**Data**
---------------
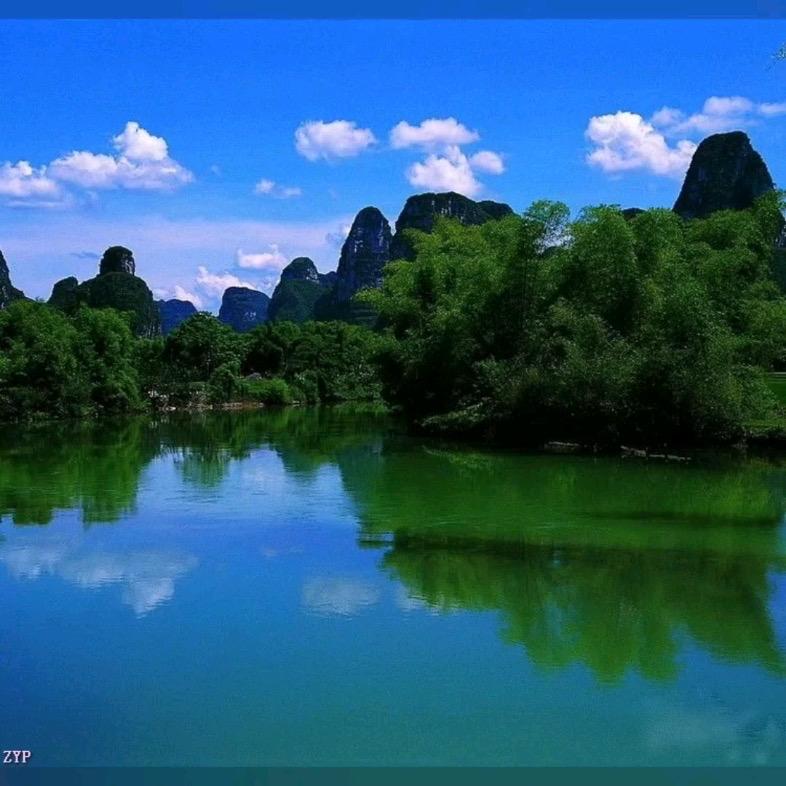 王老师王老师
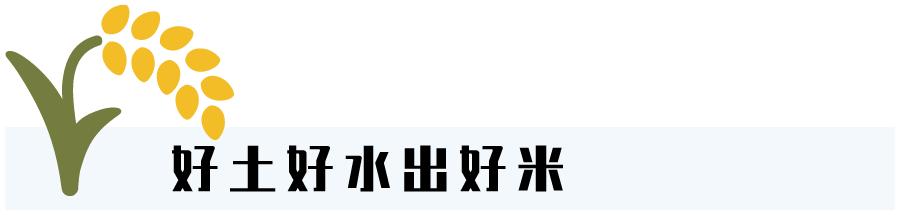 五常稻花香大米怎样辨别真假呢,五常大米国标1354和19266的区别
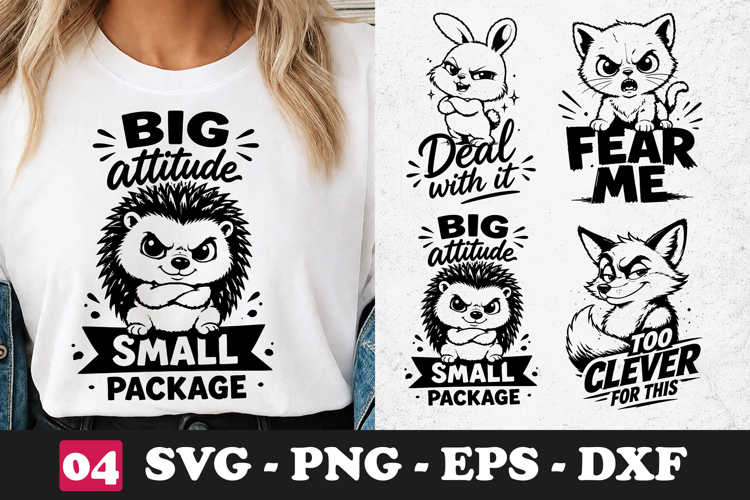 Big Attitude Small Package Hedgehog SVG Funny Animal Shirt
---------------
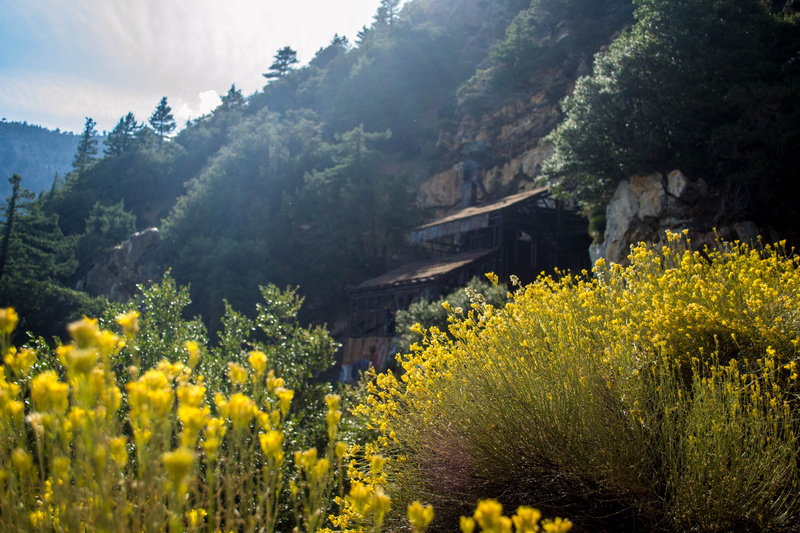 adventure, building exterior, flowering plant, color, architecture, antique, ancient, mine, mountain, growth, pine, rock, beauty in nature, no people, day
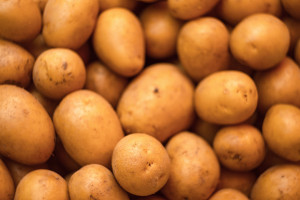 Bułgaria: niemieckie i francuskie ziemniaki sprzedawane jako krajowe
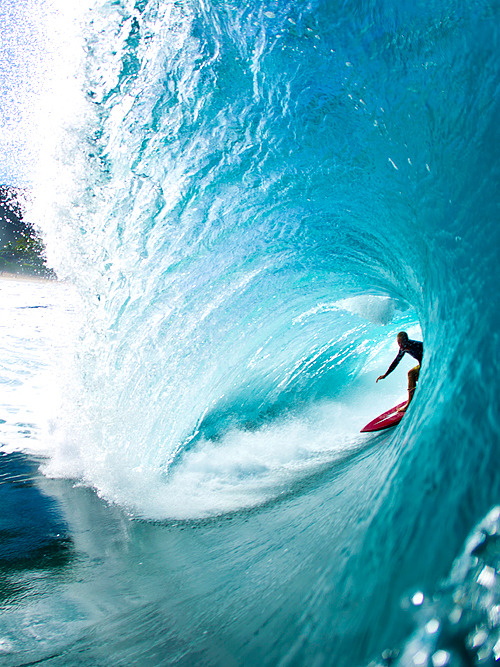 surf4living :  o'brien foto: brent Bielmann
---------------
**Brief**
Return exactly the lines above, from the one with "adventure, building exterior, flowering" up to and including the one with "foto: brent Bielmann", and include no pictures.

**Response**
 adventure, building exterior, flowering plant, color, architecture, antique, ancient, mine, mountain, growth, pine, rock, beauty in nature, no people, day
 Bułgaria: niemieckie i francuskie ziemniaki sprzedawane jako krajowe
 surf4living :  o'brien foto: brent Bielmann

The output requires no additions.